Crítica – Um Animal Amarelo

Um ponto indiscutível sobre Um Animal Amarelo é que, ao final dele, há uma sensação de fim de jornada. É um filme que apresenta muitas coisas, vai para muitos lugares, e está sempre com uma roupagem diferente: nada do seu ponto de partida entrega o que virá a frente. Quando tudo se conclui, há presente um certo cansaço, assim como toda viagem longa, mas existem diferentes tipos de cansaço, já que existe aquele em que há certa satisfação envolvida, e também outros em que há somente a necessidade de descansar, que é onde, ao meu ver, o longa de Felipe Bragança se encontra.

Um Animal Amarelo se define, logo após seu letreiro título, como “um filme brasileiro”, afirmação um tanto complexa, como ele irá demonstrar ao longo da narrativa, muito interessada nos pecados originais do Brasil. E isso vai desde o violento processo colonizador e, é claro, a escravidão, que é parte intrínseca da nossa construção enquanto país. Um país de “sequestros e estupros”, como faz questão de lembrar a narradora em português de Portugal.

Há uma certa expressão de culpa de ser uma pessoa que se beneficiou disso no protagonista do longa, Fernando (Higor Campagnaro), um cineasta branco que herdou algumas coisas de seu falecido avô.
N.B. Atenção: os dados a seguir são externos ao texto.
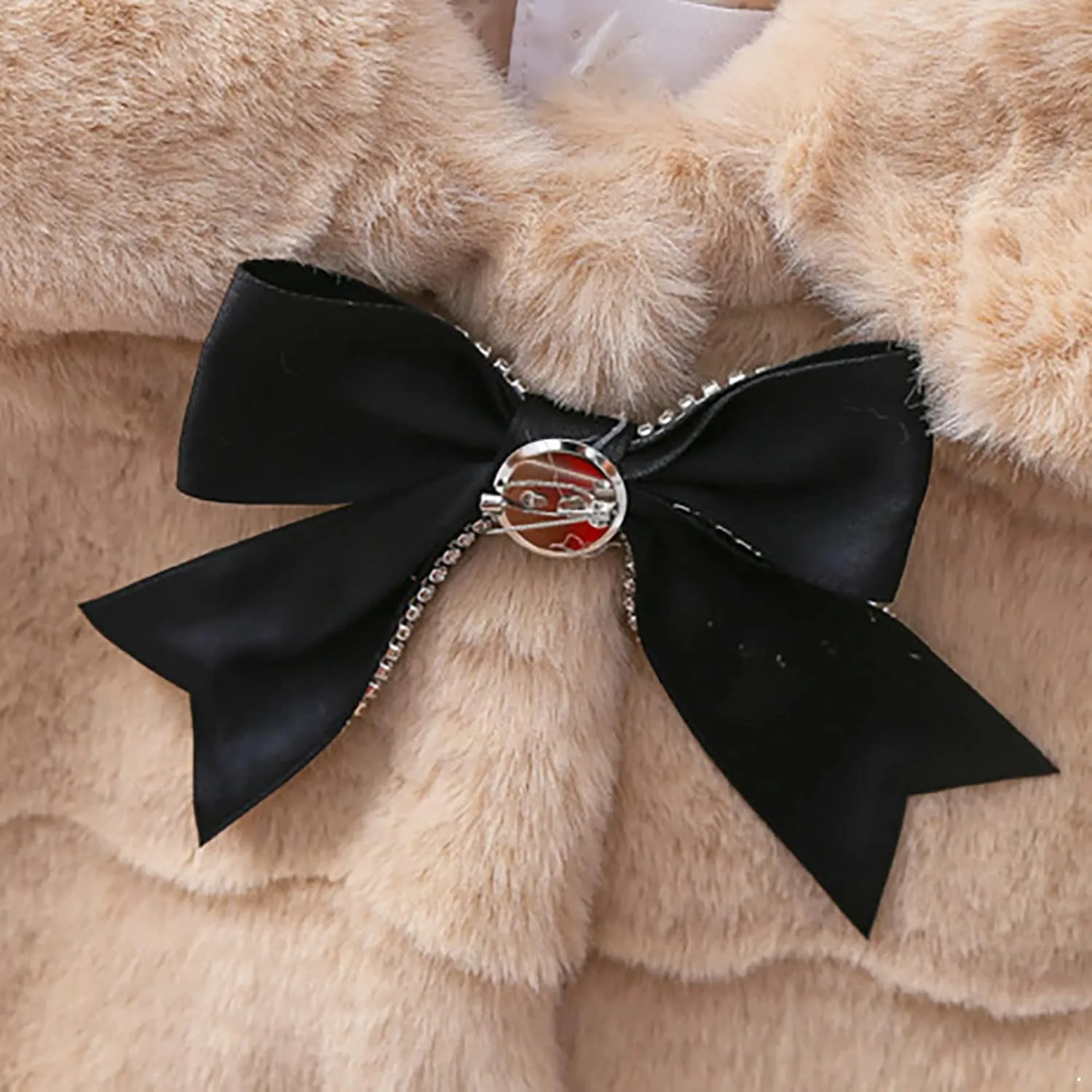iiniim Toddler Baby Girls Faux Fur Coat Cloak Jacket Dress Cover Cape Poncho for Wedding Birthday Winter Warm Outerwear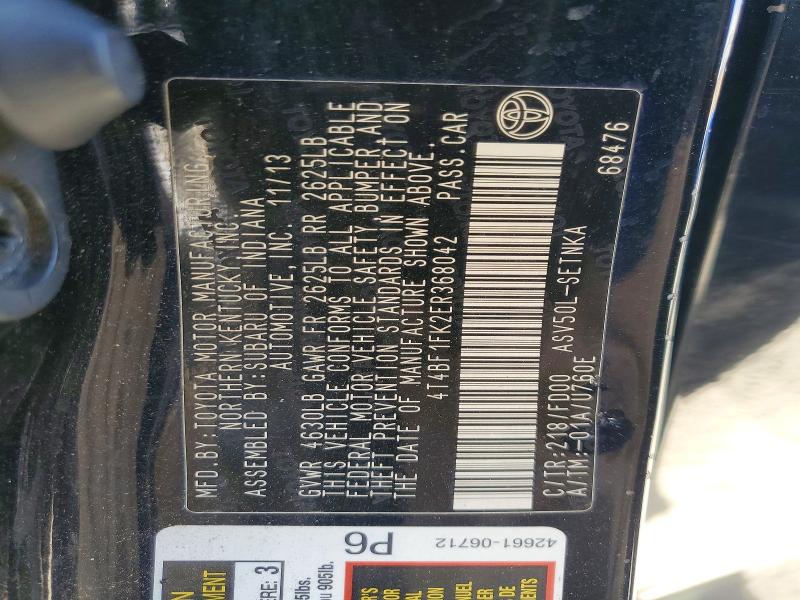 Aukcja sprzedaży 2014 Toyota Camry, vin: 4T4BF1FK2ER368042, numer aukcji: 63604516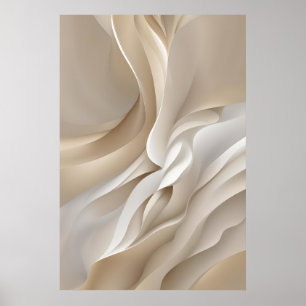 Gebeeldhouwde Beige Abstracte Kunst Poster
Entre elas está um fêmur que fala em dialetos africanos e uma espécie de “aparição”, um ser coberto de pelos que o acompanha durante alguns pontos da vida, o tal “animal amarelo” do título.

Um Animal Amarelo adota uma estrutura de capítulos. Aqui, quero destacar o primeiro deles, chamado de “Fantasmas Coloniais”, onde Fernando ainda está para nascer, e o foco é em Sebastião (Herson Capri), avô do protagonista, e em seu parceiro, Juliano (Matheus Macena). É nessa introdução que o filme constrói sua melhor atmosfera, o aproximando do realismo mágico, com certo tom de conto de fadas. Há uma exploração mística de certos elementos, como o tal osso, que o personagem de Capri escuta atentamente, combinadas com elementos concretos, físicos como a atividade extrativista empregada pelos dois, em busca de riquezas na pedreira que circunda o casebre dos dois.

Em certo momento, Sebastião precisa partir para o Rio de Janeiro, por motivos familiares, o diálogo dele com seu namorado há um quê de fantástico, com o mais velho o avisando dos diversos perigos que rodeiam aquele lugar, como em um conto dos irmãos Grimm, onde uma figura mais velha avisa dos perigos que a floresta escura esconde. Há certo lirismo nessa conversa, em que coisas simples são ditas de modo um pouco mais poético.

Passada essa parte, Um Animal Amarelo parece abandonar um pouco essa aura do realismo mágico em favor de algo…bem, na falta de uma palavra melhor, esquisito, e também um tanto sem foco. É visível que Felipe Bragança, que também roteirizou o filme, possui muitas angústias, muito a dizer, mas não encontra as melhores maneiras de expressá-las.

A partir do segundo capítulo, o filme se entrega a um fluxo errático de acontecimentos, onde muitas coisas são abordadas, é verdade, mas sem muita direção. Vamos explorar as dificuldades de Fernando com sua atividade como cineasta, para uma viagem a Moçambique, onde ele se torna uma espécie de empregado de contrabandistas de pedras preciosas. Situação essa que possui um certo discurso de “desculpa por ser branco” diante da subserviência do protagonista com estes personagens, que é um tanto patético, até ele a conhecer uma mulher cujo o clitóris (!) é incrustado com uma rubi (!!) que brilha com certa intensidade quando revelado.

Como disse, são muitas coisas que acontecem de forma pouco coesa. A variedade de eventos e o tratamento dado a elas, que mescla animação stop-motion em certas cenas, certamente possui seu charme, visto que o filme não tem medo de ser, novamente, esquisito. Há de se admirar o ímpeto de Um Animal Amarelo em ser profundamente  idiossincrático, mesmo que o fruto disso seja um tanto confuso e cansativo.